Directed by Charles Barton
Produced by Edward Nassour
Written by Earl Baldwin, Martin Ragaway & Leonard Stern
Starring Bud Abbott
Music by Walter Schumann
Distributed by United Artists
Release date May 4, 1949
(New York City, New York) May 27, 1949
Running time 80 mins.
This was one of five independent films that Abbott & Costello made throughout their career. It doesn’t have the budget of their studio films and in fact has the feel of a TV production about it. The sets are rickety and the plot at times is quite un-PC, but the film is enjoyable and a lot funnier than Abbott & Costello Meet The Mummy which I previously reviewed, but nowhere near as good as Hold That Ghost or Abbott & Costello Meet Frankenstein. They do share the spotlight with some very talented co-stars. Big game hunters Clyde Beatty and Frank Buck were big stars in the 40s and have cameos here, as does Shemp Howard of the Three Stooges and Joe Besser (who would also briefly become a Stooge) with his big sissy persona. They provide a few chuckles. Former World Heavyweight Boxing champion Max Baer and former Heavyweight contender Buddy Baer appear in the film as thugs, with Max making a joke about Buddy’s defeat by Joe Louis‘ knocking him out.
This is just prior to the slide in quality that A&Cs films would suffer throughout the 50s but they were a little hit and miss at this point. Africa Screams is good in comparison to what was about to come. I should also mention that Abbott is quite abusive to Costello in this film and this is perhaps the most un-likable that I have seen Bud.

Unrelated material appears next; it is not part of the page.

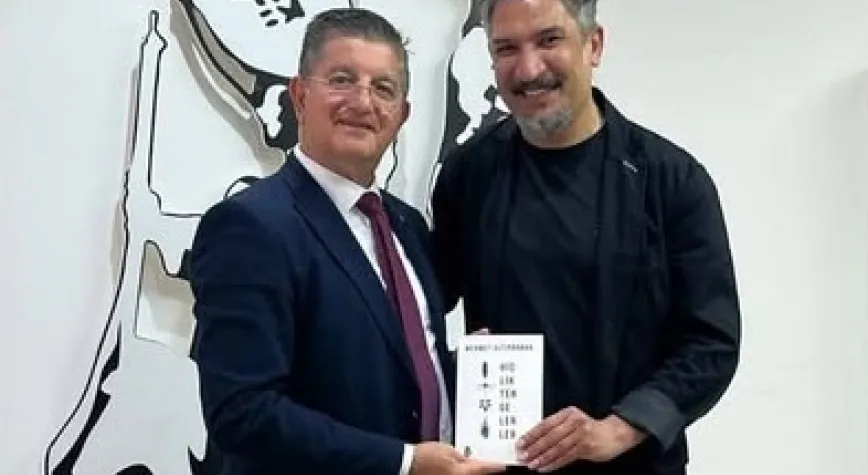 Altıparmak’ın İlk Kitabı Çıktı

Africa Screams is in the public domain and there are many poor copies of it about. The best version is available on Amazon for $7.98.
Directed by Tod Browning
Produced by Tod Browning
Written by Tod Robbins
Starring Wallace Ford
Cinematography Merritt B. Gerstad
Editing by Basil Wrangell
Distributed by Metro-Goldwyn-Mayer
Release date February 20, 1932
Running time Original cut 90 min.
Released cut 64 min.
Country United States
“We accept her! We accept her! One of us! One of us! Gooble gobble, gooble gobble!”
Freaks is an interesting film that perhaps doesn’t deserve its notoriety. It’s not particularly scary or very well acted. The movie was banned in Britain (and Australia too I guess) for thirty years but it’s not that bad. There is a twist in the film in that the true monsters of the picture are not the Freaks themselves, but the supposedly normally looking aerialist and strongman who try to exploit one of the Freaks for their own profit. Perhaps the film works better as a satirical piece than as a horror film. It’s worth a look but I don’t think it deserves to be held as the 15th sacriest film of all-time. It is a film of its time though.